Leider ist es so einfach nicht. Denn bei keinem anderen Thema wird so deutlich, dass Firmen zwar das Erfahrungswissen ihrer Mitarbeiter anerkennen und nutzen, gleichzeitig aber dessen wahre Qualität oft nicht verstanden haben. Erfahrung ist ja mehr als ein Wissen, das in einzelnen Köpfen „abgespeichert“ ist, dort als Schatz zu heben wäre und dann als explizites Wissen, formal aufbereitet, in Gestaltungsprozesse einginge.Erfahrung ist auch eine besondere Qualität des Handelns, ein Gespür für Material und Abläufe, die frühzeitige Wahrnehmung sich anbahnender Störungen.

Erfahrung sitzt nicht nur im Gehirn, sie „wohnt“ auch im Körper.

Erfahrung ist nicht nur ein Wissen, das quasi nur am falschen Platz sitzt, sondern eine Fähigkeit des Tuns. Man kann es nicht beliebig loslösen von der Person.

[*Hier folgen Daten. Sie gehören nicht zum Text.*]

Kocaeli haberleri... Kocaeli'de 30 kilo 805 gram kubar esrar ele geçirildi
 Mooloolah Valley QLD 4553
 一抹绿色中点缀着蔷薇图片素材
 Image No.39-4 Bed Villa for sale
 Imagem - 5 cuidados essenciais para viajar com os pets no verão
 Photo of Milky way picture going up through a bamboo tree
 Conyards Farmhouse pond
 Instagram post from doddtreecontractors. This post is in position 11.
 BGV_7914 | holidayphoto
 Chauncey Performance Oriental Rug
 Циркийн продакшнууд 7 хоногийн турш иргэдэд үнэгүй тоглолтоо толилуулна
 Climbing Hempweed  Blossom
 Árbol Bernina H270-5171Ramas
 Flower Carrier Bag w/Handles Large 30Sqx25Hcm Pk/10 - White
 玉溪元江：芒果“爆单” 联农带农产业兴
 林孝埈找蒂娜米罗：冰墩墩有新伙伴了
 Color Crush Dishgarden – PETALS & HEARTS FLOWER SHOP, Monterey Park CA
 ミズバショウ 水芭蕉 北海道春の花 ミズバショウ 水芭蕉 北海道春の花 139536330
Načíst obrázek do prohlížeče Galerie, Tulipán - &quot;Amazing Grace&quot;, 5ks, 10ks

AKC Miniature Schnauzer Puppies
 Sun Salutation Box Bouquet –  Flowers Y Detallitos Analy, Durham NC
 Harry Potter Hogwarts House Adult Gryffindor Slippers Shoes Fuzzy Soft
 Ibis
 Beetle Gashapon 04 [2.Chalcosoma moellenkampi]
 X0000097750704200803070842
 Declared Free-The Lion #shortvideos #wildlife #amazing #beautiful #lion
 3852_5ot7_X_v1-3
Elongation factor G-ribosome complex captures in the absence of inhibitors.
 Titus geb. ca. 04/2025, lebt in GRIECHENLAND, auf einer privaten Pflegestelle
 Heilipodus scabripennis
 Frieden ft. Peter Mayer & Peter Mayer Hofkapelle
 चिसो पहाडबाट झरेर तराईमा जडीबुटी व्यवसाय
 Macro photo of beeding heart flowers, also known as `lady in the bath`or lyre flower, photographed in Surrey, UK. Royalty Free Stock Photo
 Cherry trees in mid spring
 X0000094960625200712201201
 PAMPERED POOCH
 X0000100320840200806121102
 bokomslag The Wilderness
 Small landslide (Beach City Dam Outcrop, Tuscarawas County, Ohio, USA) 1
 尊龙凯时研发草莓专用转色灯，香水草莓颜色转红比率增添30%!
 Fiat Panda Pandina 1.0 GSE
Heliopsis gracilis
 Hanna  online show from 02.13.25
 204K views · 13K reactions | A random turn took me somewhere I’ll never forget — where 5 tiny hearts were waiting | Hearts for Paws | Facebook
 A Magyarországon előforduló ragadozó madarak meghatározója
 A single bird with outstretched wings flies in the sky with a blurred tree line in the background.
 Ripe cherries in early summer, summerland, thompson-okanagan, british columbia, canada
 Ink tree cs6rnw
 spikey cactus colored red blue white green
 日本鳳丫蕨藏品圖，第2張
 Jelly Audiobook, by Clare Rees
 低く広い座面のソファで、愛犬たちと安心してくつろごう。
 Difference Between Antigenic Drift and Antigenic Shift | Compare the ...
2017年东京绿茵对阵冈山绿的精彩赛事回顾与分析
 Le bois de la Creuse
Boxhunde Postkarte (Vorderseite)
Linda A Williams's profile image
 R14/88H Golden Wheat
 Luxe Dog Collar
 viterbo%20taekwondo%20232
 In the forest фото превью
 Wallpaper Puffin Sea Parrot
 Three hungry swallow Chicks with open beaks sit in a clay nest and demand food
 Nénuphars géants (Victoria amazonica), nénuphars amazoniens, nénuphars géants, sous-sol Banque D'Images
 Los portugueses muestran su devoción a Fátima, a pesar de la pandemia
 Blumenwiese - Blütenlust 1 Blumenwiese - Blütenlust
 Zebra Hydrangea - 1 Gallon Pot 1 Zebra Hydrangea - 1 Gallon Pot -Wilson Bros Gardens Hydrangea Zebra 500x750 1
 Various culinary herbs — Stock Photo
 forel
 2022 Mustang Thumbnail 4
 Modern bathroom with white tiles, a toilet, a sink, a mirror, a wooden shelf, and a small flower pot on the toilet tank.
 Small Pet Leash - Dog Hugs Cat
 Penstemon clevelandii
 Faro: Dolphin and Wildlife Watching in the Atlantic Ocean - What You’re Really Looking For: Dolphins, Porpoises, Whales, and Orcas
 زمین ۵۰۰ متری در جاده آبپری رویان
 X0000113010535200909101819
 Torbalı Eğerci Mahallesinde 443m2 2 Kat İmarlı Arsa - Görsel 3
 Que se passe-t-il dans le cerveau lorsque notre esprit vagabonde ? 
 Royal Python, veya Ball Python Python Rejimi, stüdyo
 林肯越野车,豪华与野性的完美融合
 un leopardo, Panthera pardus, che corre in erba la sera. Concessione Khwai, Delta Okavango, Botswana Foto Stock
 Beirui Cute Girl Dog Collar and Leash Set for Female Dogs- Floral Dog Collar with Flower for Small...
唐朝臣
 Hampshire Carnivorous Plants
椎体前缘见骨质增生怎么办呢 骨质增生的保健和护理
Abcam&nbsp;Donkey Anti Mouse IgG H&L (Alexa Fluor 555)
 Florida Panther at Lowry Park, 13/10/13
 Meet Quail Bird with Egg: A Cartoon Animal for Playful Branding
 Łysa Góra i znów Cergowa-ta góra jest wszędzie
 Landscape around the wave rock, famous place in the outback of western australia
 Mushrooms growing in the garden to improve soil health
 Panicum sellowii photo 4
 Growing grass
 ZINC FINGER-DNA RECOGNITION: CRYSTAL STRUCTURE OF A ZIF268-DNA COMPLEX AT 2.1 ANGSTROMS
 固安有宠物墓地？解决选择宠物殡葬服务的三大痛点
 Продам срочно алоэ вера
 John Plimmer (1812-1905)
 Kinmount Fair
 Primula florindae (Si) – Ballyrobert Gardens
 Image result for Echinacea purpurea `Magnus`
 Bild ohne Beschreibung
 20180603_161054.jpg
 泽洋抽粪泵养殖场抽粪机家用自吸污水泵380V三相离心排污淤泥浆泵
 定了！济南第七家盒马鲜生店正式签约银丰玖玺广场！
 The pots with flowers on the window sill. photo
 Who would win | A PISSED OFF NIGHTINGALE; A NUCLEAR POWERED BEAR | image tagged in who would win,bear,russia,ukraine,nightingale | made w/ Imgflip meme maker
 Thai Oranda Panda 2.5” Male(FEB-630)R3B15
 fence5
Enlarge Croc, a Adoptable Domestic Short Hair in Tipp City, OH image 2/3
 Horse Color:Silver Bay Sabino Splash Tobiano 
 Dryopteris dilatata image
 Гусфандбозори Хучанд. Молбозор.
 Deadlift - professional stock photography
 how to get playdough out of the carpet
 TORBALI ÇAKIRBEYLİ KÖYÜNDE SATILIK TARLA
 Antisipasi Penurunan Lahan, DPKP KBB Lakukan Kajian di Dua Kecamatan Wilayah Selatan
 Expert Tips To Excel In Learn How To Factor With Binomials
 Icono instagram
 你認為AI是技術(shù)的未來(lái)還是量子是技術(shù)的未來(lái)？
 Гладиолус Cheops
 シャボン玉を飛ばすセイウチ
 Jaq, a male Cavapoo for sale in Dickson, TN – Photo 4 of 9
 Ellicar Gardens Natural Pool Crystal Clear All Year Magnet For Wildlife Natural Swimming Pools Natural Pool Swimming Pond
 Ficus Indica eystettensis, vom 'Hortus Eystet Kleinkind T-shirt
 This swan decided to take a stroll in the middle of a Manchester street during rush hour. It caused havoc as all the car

Die betrieblichen Prozesse der Gestaltung und Optimierung wie Kaizen sind oft aber so formalisiert, dass sie genau dieses Potenzial nicht (an-)erkennen und damit auch nicht nutzen. Und auch bei den Ergebnissen von Gestaltung – ob es um die Optimierung organisatorischer oder technischer Abläufe geht – spielen Kriterien der Erfahrungsförderlichkeit selten eine Rolle. Mit den aktuellen Tendenzen von top-down-Vorgaben für eine „flexible Standardisierung“ ist das wichtigste Flexibilitätspotenzial in Gefahr: nämlich die Erfahrung der Mitarbeiter. Diese ist lebendig und entwickelt ihr Potenzial nur in Strukturen, die das auch zulassen. Eine Standardisierung der Prozesse darf nicht zu einer Standardisierung der Erfahrung werden.